Source: Kentucky Life
In this video from KET, take a trip into Mammoth Cave to see a large cavern, and ride an airplane to view sinkholes in the land above the Mammoth Cave system in Kentucky. Watch as an animation shows how both caverns and sinkholes are created by water seeping through and dissolving limestone. Discover that much of Earth's land surface is karst, similar to that in the Mammoth Cave region, and thus shares the water quality issues prevalent there.
The Mammoth Cave region of Kentucky was once submerged under a shallow sea. During the Mississippian Period, 360–325 million years ago, sediments were deposited at the bottom of the sea, and eventually solidified into rock layers of limestone, shale, and sandstone.
Karst is the term for a landscape formed when a layer or layers of soluble bedrock dissolves away. Limestone's primary mineral, calcium carbonate, is slightly soluble in rainwater and groundwater because of their natural acidity. As rainwater seeps through limestone, the water dissolves tiny amounts of calcium carbonate until it becomes saturated with the mineral.
When groundwater flows through soluble rock to a lower level outlet instead of pooling in the rock, caves and sinkholes develop. The flow of water carries the dissolved minerals away and unsaturated water entering from above dissolves additional mineral matter. Abrasion from the flowing water also assists in enlarging the cavity.
When erosion moves surface materials through a dissolved opening into an underground passage or when the upper surface of an underground cavity collapses or caves in, sinkholes develop. Either way, the presence of sinkholes in an area indicates soluble rock below with active or potentially active waterways. A sinkhole may be dry when first observed, but sinkholes become active waterways whenever it rains.

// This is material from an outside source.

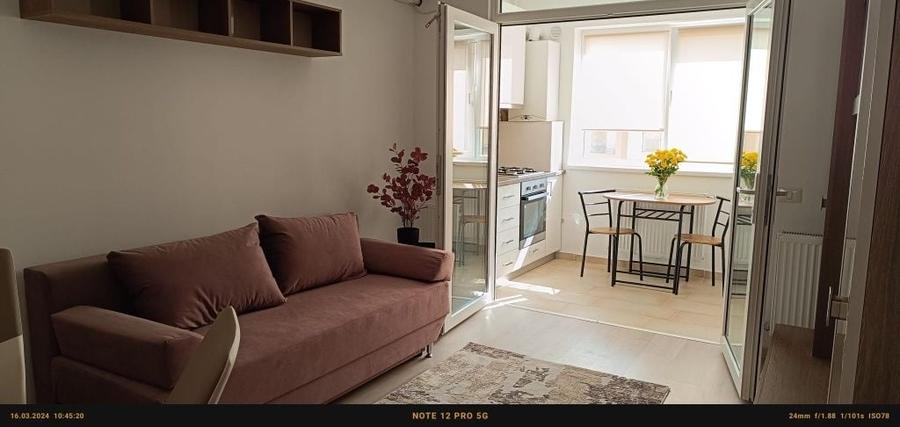 Apartament cu 2 camere decomandat în Runcu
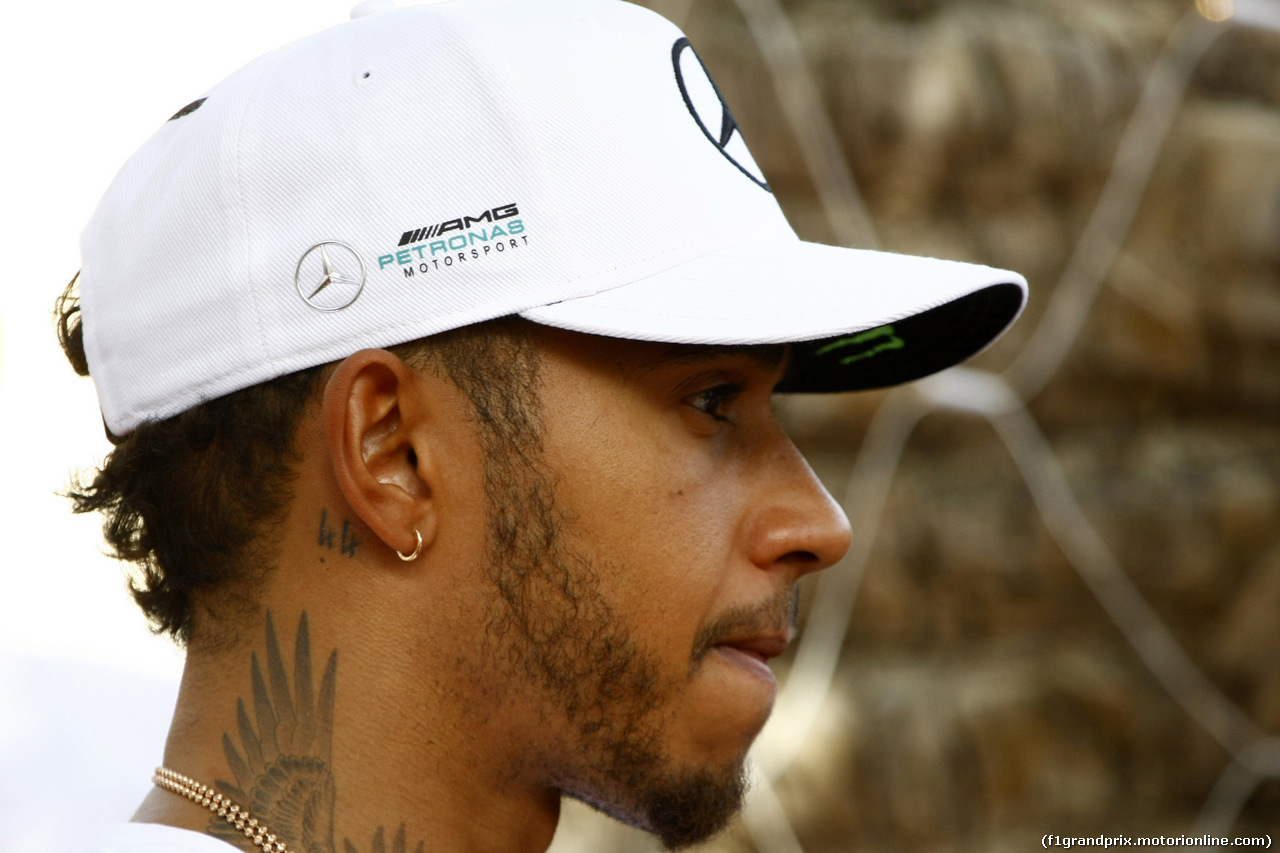 GP BAHRAIN, 13.04.2017 - Lewis Hamilton (GBR) Mercedes AMG F1 W08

Karst areas typically have few ground waterways because streams flow into abundant sinkholes and crevices, disappearing from view. Streams flow underground, enlarging crevices and caverns along the way, and sometimes reappearing above ground at a lower elevation. Because the water flows freely through underground passages instead of filtering through rock layers, karst areas are vulnerable to water pollution.